Stone ex rel. AmSouth Bancorporation v. Ritter, 911 A.2d 362, 370 (Del. 2006).
Corporate officers owe the same fiduciary duties of care and loyalty as directors.
Gantler v. Stephens, 965 A.2d 695, 708-09 (Del. 2009).
The Court takes as true for present purposes plaintiffs’ allegations that the
defendants were or are officers or directors of Ditto. As such, they owed a fiduciary
duty to Ditto and its shareholders. In Stone, the Court found that a claim for breach of
the fiduciary duty of good faith was not stated where plaintiffs "acknowledged that the
directors neither ‘knew [n]or should have known that violations of law were occurring.'"
Stone, 911 A.2d at 364. By contrast, plaintiffs in this case allege that defendants
received, but ignored, demand letters detailing the alleged violations of law; they do not
concede that defendants did not know about the violations. See Am. Compl. ¶ 153.
Caremark, which describes the claim of directorial liability in that case as "predicated
upon ignorance of liability creating activities within the corporation," is likewise
distinguishable from this case. In re Caremark Int'l Inc. Derivative Litig., 698 A.2d 959,
971 (Del. Ch. 1996). Plaintiffs have plausibly alleged facts that would allow a
reasonable inference that defendants breached their fiduciary duties, specifically by
issuing or approving intentionally misleading shareholder communications and "ignoring
and failing to act upon two significant demand letters from shareholders" regarding
Ditto's financial mismanagement in the face of a known duty to act. Am. Compl. ¶ 153.

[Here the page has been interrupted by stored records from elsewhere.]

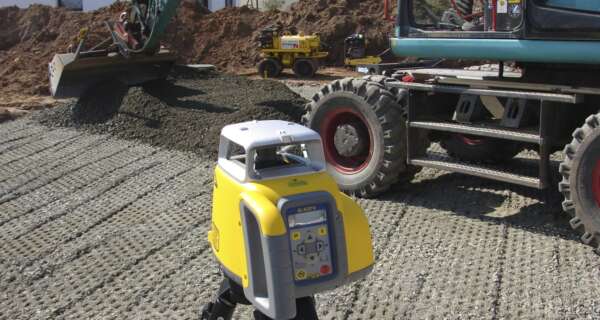 Afschotlaser met dubbel afschot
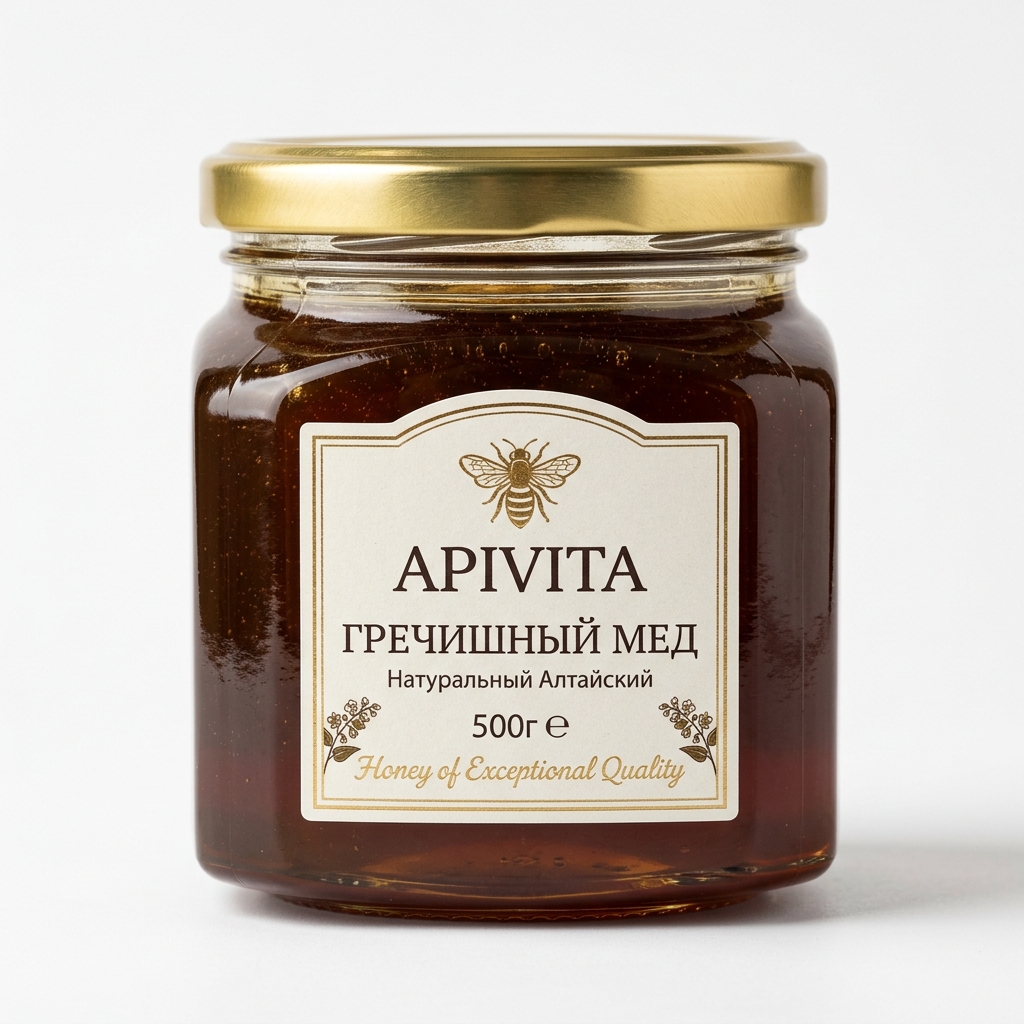 Мёд Гречишный «Алтайский»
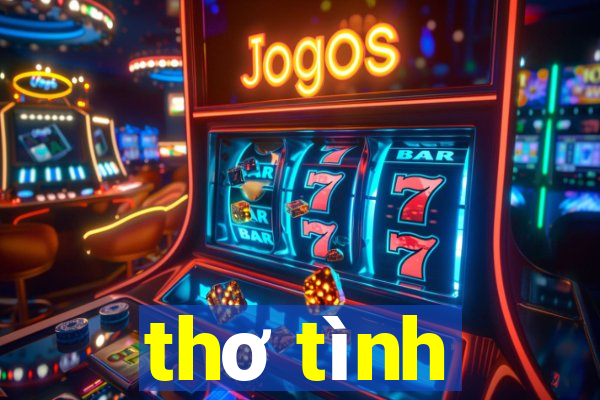 thơ tình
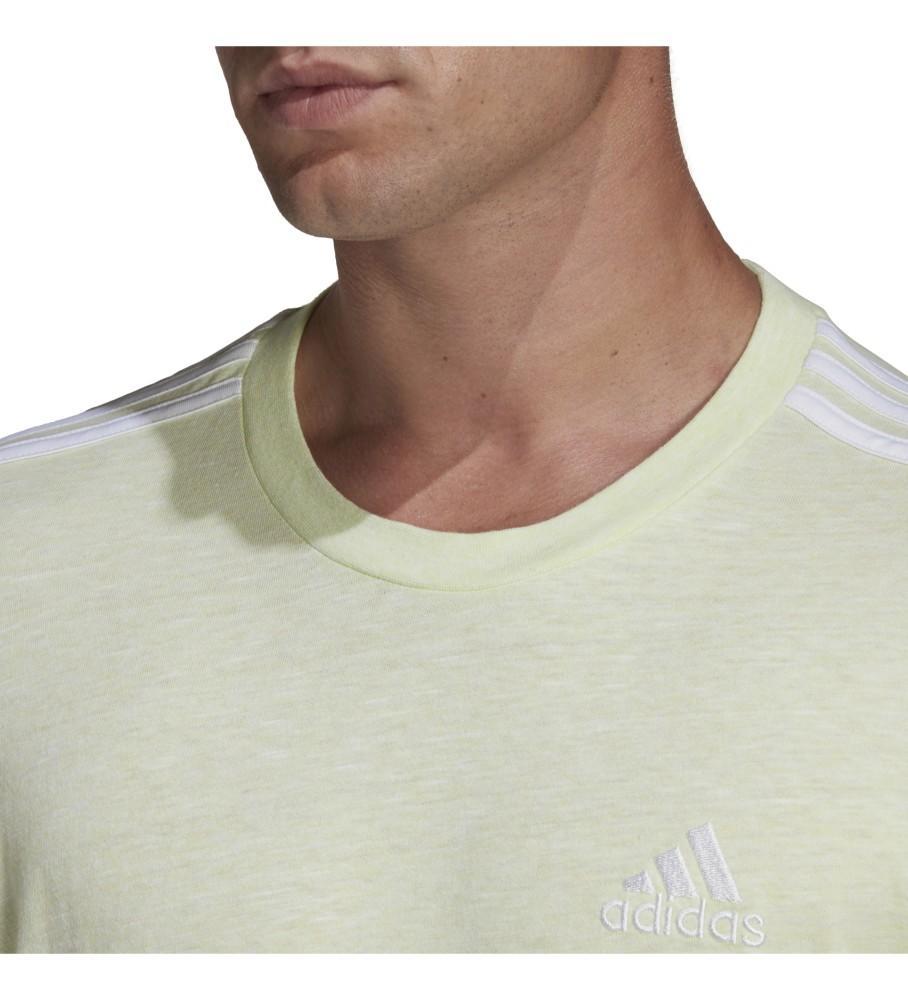 adidas t-shirt adidas hf4542. da uomo, colore lime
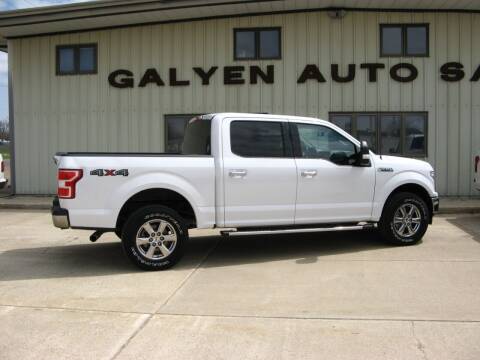 2018 Ford F-150 for sale at Galyen Auto Sales in Atkinson NE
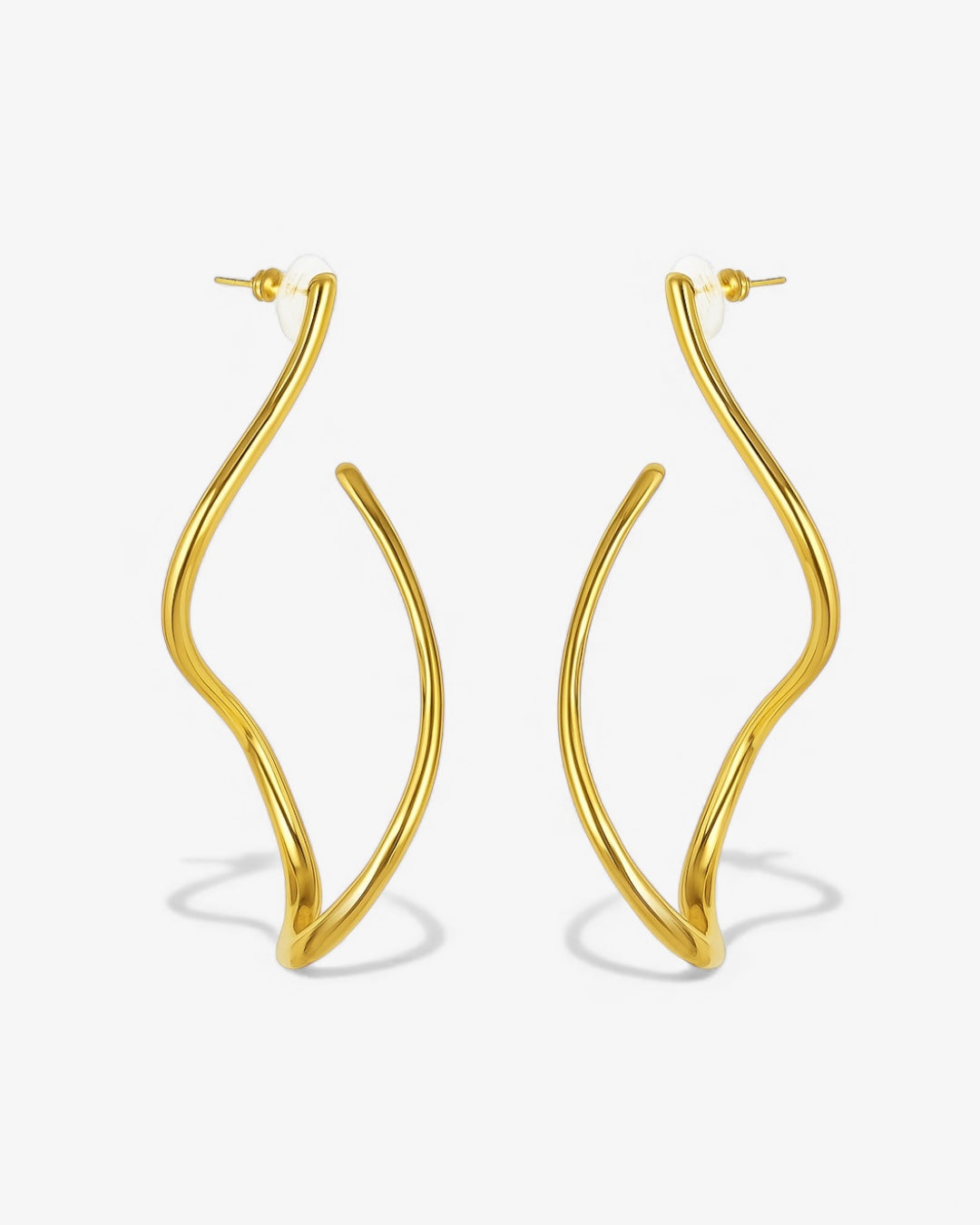 Boucles D'Oreilles Wave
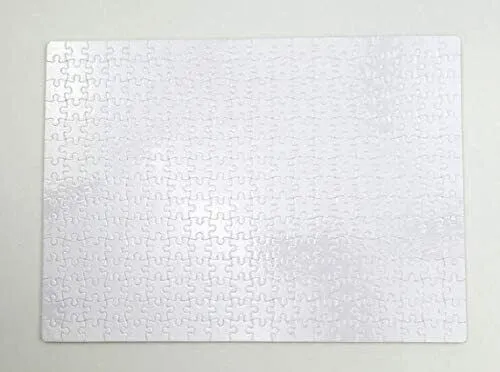 10 Set Blank Sublimation Jigsaw Puzzle A3 Size 300 Piece Puzzles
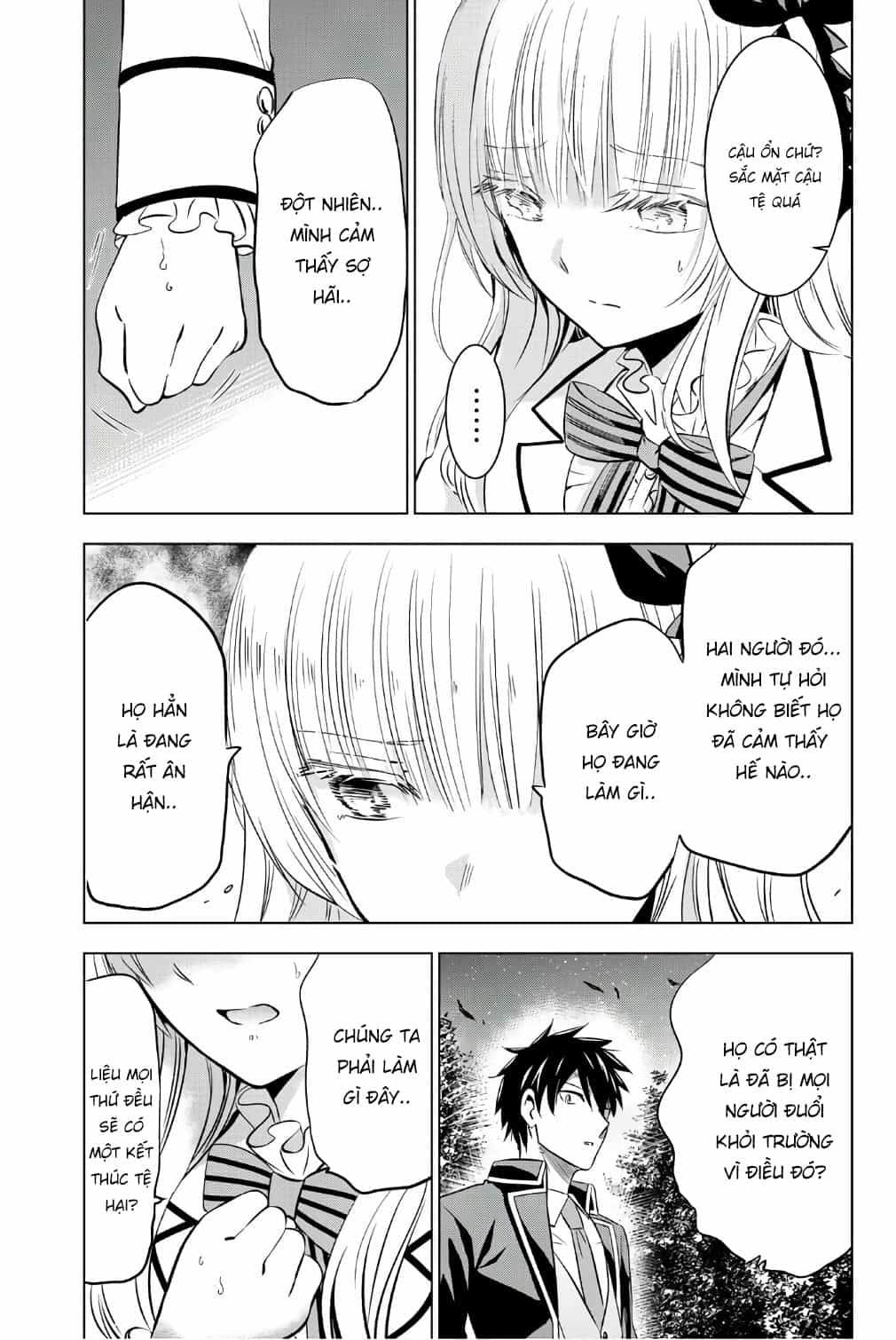 Kushuku Gakkou No Alice - Chương 44 - ảnh 16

Fraudulent misrepresentation (Count 4)
and fraudulent concealment (Count 5)
Defendants argue that plaintiffs have failed to allege facts sufficient to make out a
claim for fraudulent misrepresentation or fraudulent concealment. Though lawyers in
Illinois commonly assert these as separate claims, they really aren't; a claim of
fraudulent misrepresentation encompasses fraudulent concealment. See McMahan v.
Deutsche Bank AG, 938 F. Supp. 2d 795, 805 (N.D. Ill. 2013). Under Federal Rule of
Civil Procedure 9(b), a plaintiff alleging fraud must allege with particularity the
circumstances constituting fraud. E.g., Pirelli Armstrong Tire Corp. Retiree Med.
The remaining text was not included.